The first step was to allow this as one of the “allowed tags” for the site. So in my functions.php file, in the function called on init I added the following code

global $allowedtags
//Change the allowed comment tags to include <pre> with a brush
$allowedtags[pre] = array(lang => array());

The next step is to give the commenter some extra information at the bottom of the post to let them know how to do this. I used the following call, with additional parameter to the comment_form() function in my theme. In my theme, copied from twentyten, this was also in functions.php

<?php comment_form(
  array(comment_notes_after =>
    <p class="form-allowed-tags"> . sprintf(
__( You may use these <abbr title="HyperText Markup Language">HTML</abbr> tags and attributes: %s ),
 <code> . allowed_tags() . </code>
) . </p> . __(<p class="form-allowed-tags">Use the &lt;pre lang="lang"&gt; tag to syntax highlight for language "lang"</p>))); ?>

The last step was to actually change the output from the comment. the comment.php file held this code

<div class="comment-body"><?php
  $comment_text = get_comment_text();
  $comment_text=preg_replace(#<pre.*?lang=(")?([^>"]*)(")?(.*?)>#sm’,
    <pre class=$1brush:$2;$3$4>,$comment_text); //we need to find <pre brush=xxx> and replace it with <pre class="brush:xxx;">
  echo $comment_text;
  unset($comment_text);
?></div>

What we have done is use the preg_replace function to search through the code for <pre lang=”xxx”> tags and replace them with <pre class=”brush:xxx”> tags. It seems to work well. When the page displays the javascript highlighter spots these tags and highlights them like the rest of the page.
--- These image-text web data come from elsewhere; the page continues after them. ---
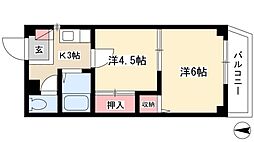 ラフォーレ21 4階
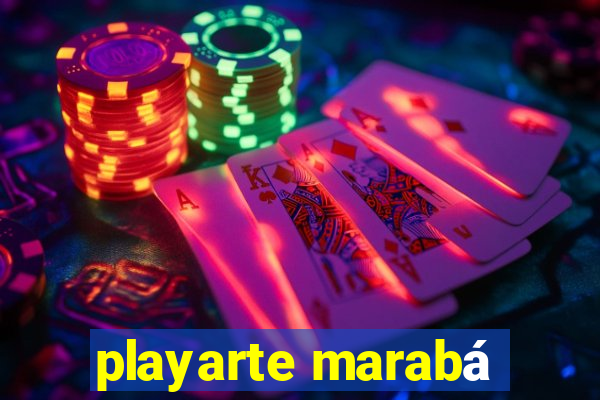 playarte marabá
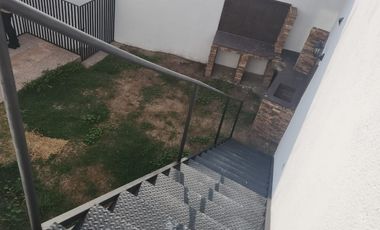 Casa en Renta en Lomas del Tec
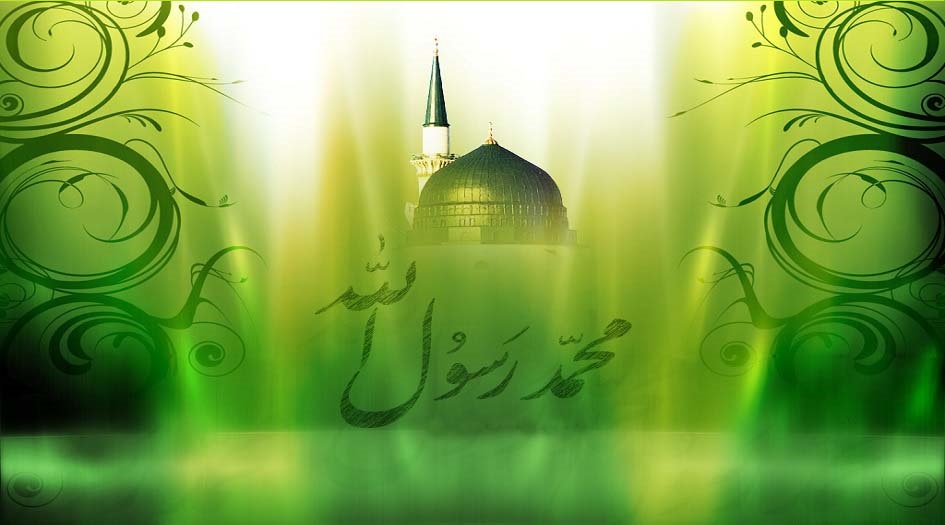 من سيرة النبي محمد(ص)...ماذا كان دين الرسول الأعظم(ص) قبل نبوته؟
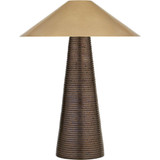Miramar2 - 3 Light Accent Lamp by Visual Comfort Signature - KW3660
Being that I am a newbie at this sort of thing, there are still a couple of issues that worry me. I would be grateful for any comments on the fact.
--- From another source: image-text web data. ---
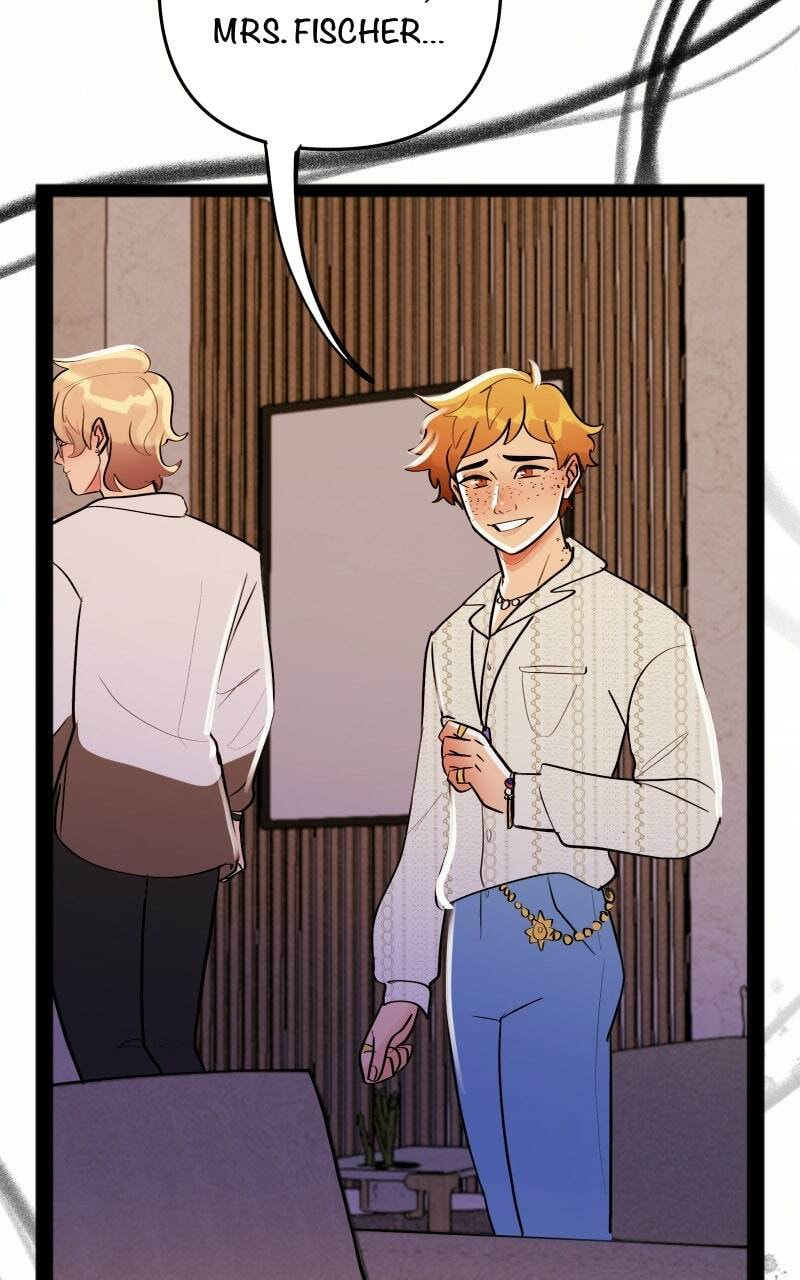 Star Catcher Chapter 112 page 46 - 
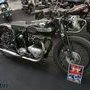 Automedon-Motorama 2015 : Triumph 6T, 1952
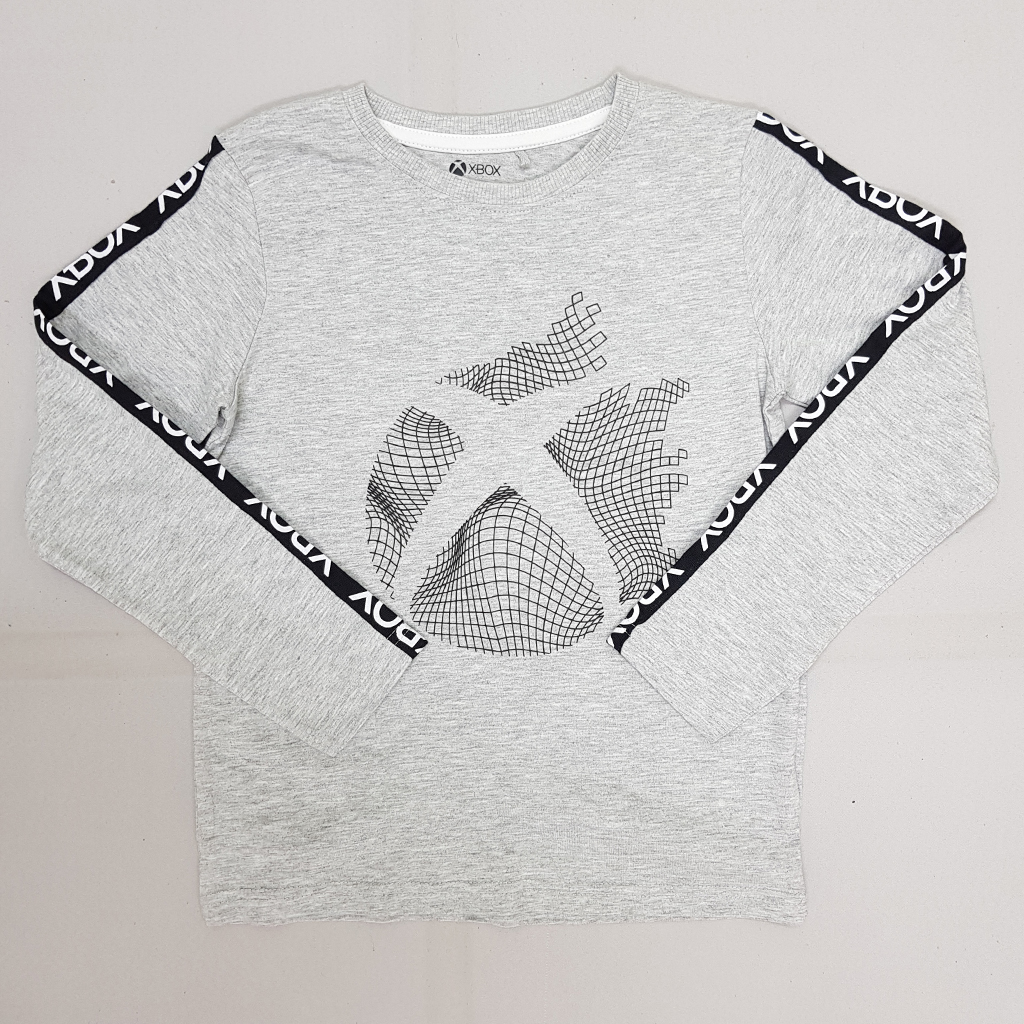 بلوز پسرانه 30256 سایز 5 تا 16 سال مارک NEXT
Firstly, should I be filling the $allowedtags entry with the languages allowed? I don’t know what the entry array in the lang attribute does, might it be possible to verify the allowed tags?

Secondly – am I opening any security holes with the preg_replace function. Could someone use it to inject something nasty into the page. I think it would be quite difficult as my criteria to end the pattern after the lang attribute is either a > or ” character. Which doesn’t leave much scope. However I am still not sure and will need to keep a close eye on it.